Kommt noch ein richtig wichtiger Pokal zu Wawrinkas gut verborgener Sammlung hinzu? Ein Titel dort, wo es zählt – bei einem der vier Major-Turniere? Wawrinka geht jedenfalls zum zweiten Mal in seiner bewegten Karriere als Pokalverteidiger in einen Major-Wettbewerb, und nach seinem Exploit daheim in Genf kann er sich keineswegs dagegen wehren, als Mitbewerber um die Paris-Krone genannt zu werden.
«Wawrinka ist einer dieser Spieler, die nach guten Ergebnissen und einem guten Turnierauftakt einen Riesenlauf kriegen können. Man muss ihn unbedingt auf der Rechnung haben», sagt der ehemalige Weltranglisten-Erste Mats Wilander (Schweden) über den Romand. In der ersten Runde des French Open trifft der Vorjahressieger auf den Tschechen Lukas Rosol, den Wawrinka am Freitag im Halbfinale in Genf geschlagen hat.
Der Sieg in Genf liess Wawrinka vergessen, dass er bis zum Turnier-Stopp in seiner Heimat gerade mal drei schlappe Sandplatz-Matches gewonnen hatte. «Das gibt mir einen richtigen Schub jetzt, das war wichtig fürs Ego», sagt Wawrinka.

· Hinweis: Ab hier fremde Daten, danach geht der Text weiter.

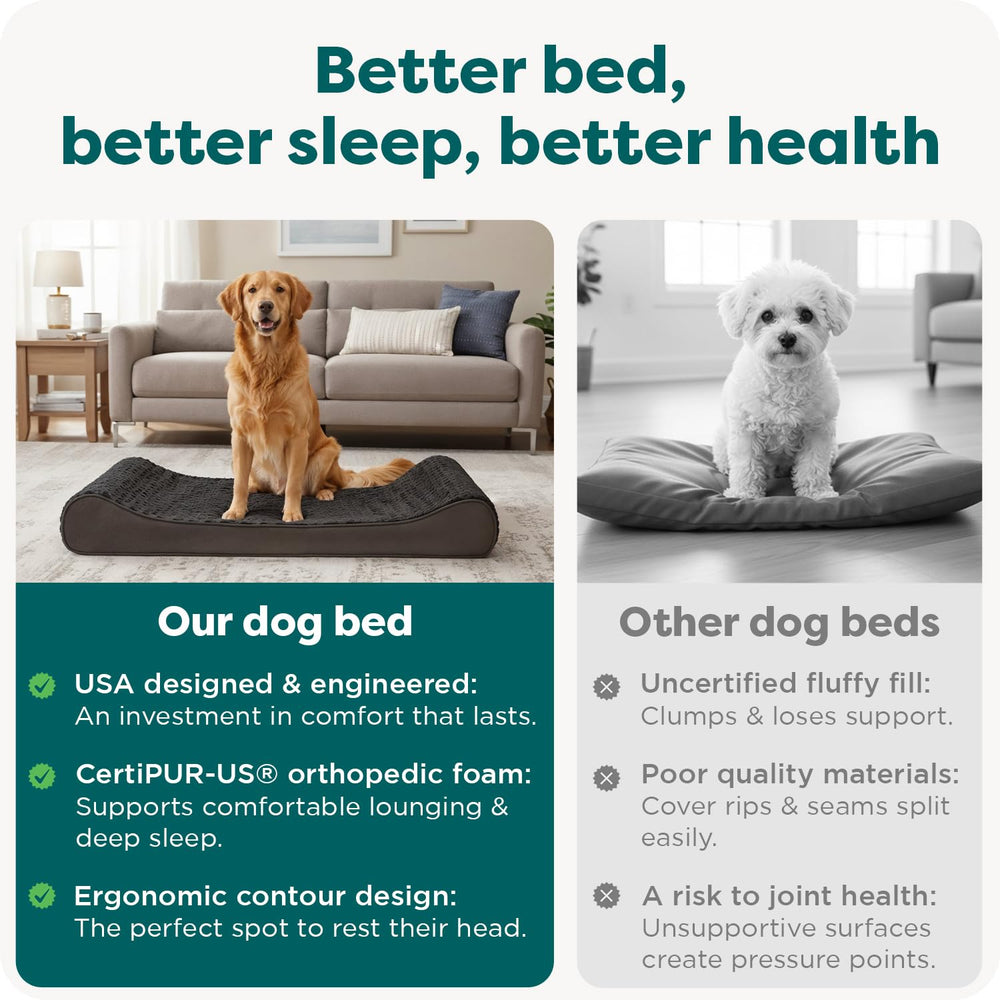 Furhaven open sleeper space accommodates sprawlers and loungers alike.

Doch Wawrinka ist und bleibt eben einer, bei dem man nie so genau weiss, was als Nächstes kommt. Als er vor zwei Jahren als Australian-Open-Gewinner nach Paris reiste, kam gleich in der ersten Runde das frustrierende Aus – die Bestätigung des erstes Major-Coups auf höchstem Niveau blieb in weiter Ferne. «Ich kann nur versuchen, so stabil wie möglich zu spielen. Aber ich glaube nicht, dass ich die Konstanz erreichen kann, die man bei Roger, Rafa, Andy oder Novak gesehen hat», sagt Wawrinka.
Also bei den grossen vier: den Herren Federer, Nadal, Murray und Djokovic. Typisch Wawrinka, stellte sich der 31-Jährige sogar im Paris-Countdown wiederholt aus der Tennis-Spitzengruppe heraus und bekundete, die Top 4 seien «Lichtjahre entfernt» und nicht «direkte Konkurrenten, sondern eine Inspiration».

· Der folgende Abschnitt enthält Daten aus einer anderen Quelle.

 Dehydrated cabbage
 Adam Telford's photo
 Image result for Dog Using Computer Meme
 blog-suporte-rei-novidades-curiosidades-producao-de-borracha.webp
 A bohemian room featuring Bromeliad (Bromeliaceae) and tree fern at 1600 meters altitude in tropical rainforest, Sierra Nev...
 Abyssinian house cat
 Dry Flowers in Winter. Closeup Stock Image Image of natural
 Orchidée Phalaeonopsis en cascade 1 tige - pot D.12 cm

Die Bescheidenheit als Strategie
So viel Bescheidenheit mag eine Zier sein, sie ist bei Wawrinka aber stets auch Druckverringerung. Das Kleinreden der eigenen Chancen dient ihm dazu, die Nerven besser im Zaum zu halten, die Erwartungen zu reduzieren. «Ich bin erst mal froh, dass ich das Formtief vom Frühling hinter mir gelassen habe. Aber andere haben in Paris sicher grössere Chancen als ich», sagt Wawrinka, der in den Taxen der Buchmacher auf Platz vier liegt, hinter Djokovic, Nadal und Murray.

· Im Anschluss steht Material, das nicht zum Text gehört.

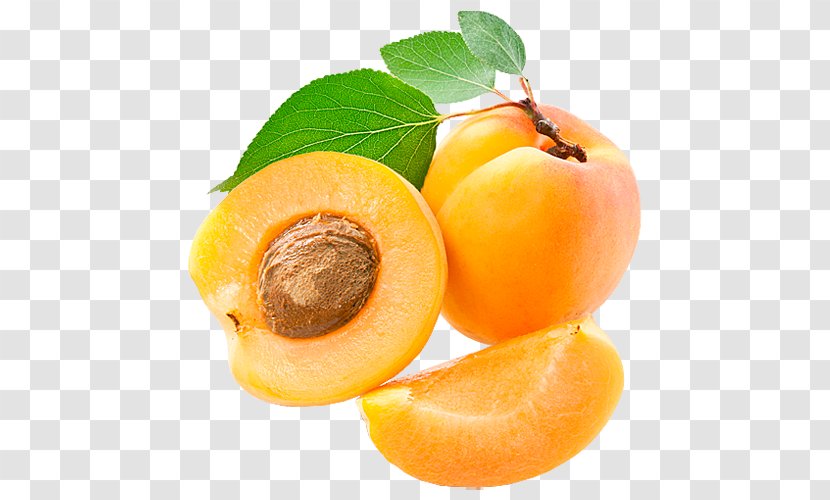 Vitamin Pangamic Acid Food Mineral Dietary Fiber - Energy - Apricot Transparent PNG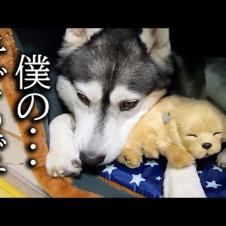 売れ残った子犬を可愛がっていたら嫉妬した猫が大変なことに...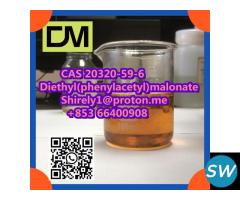 CAS 20320-59-6 Diethyl(phenylacetyl)malonate - 2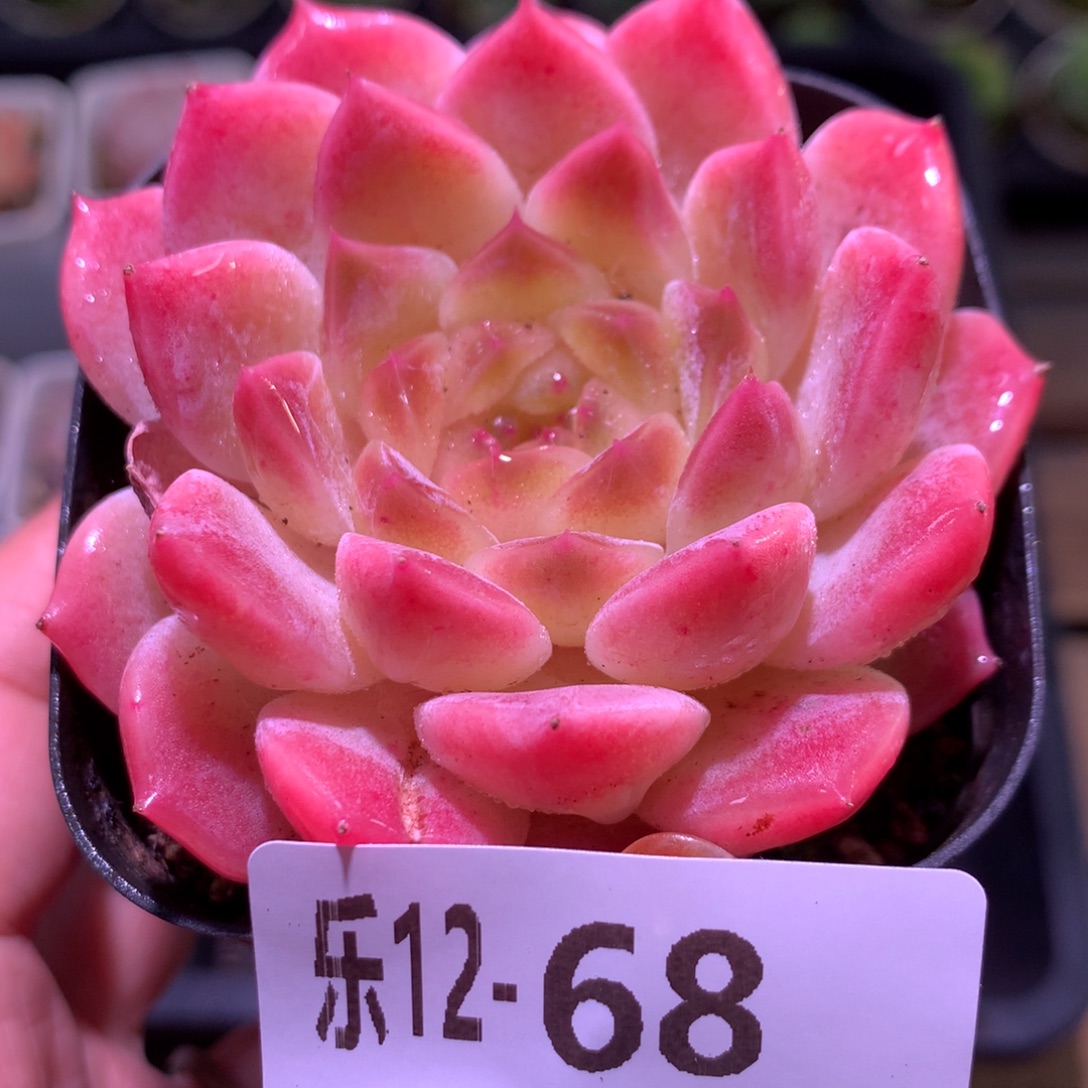 乐然12-68 秘境冰魄单头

Etwas Neues hält dieser Grand Slam nun auch für ihn parat, denn erstmals startet er auf einer grossen Bühne, ohne dass Superstar Roger Federer mit am Start ist. Wawrinka hält als Einziger von Rang die Schweizer Farben hoch, hätte aber gern darauf verzichtet: «Es fühlt sich schon ein wenig komisch an, ohne Roger im Turnier. Es ist sehr schade, dass ihn diese Verletzung an der Teilnahme hindert.»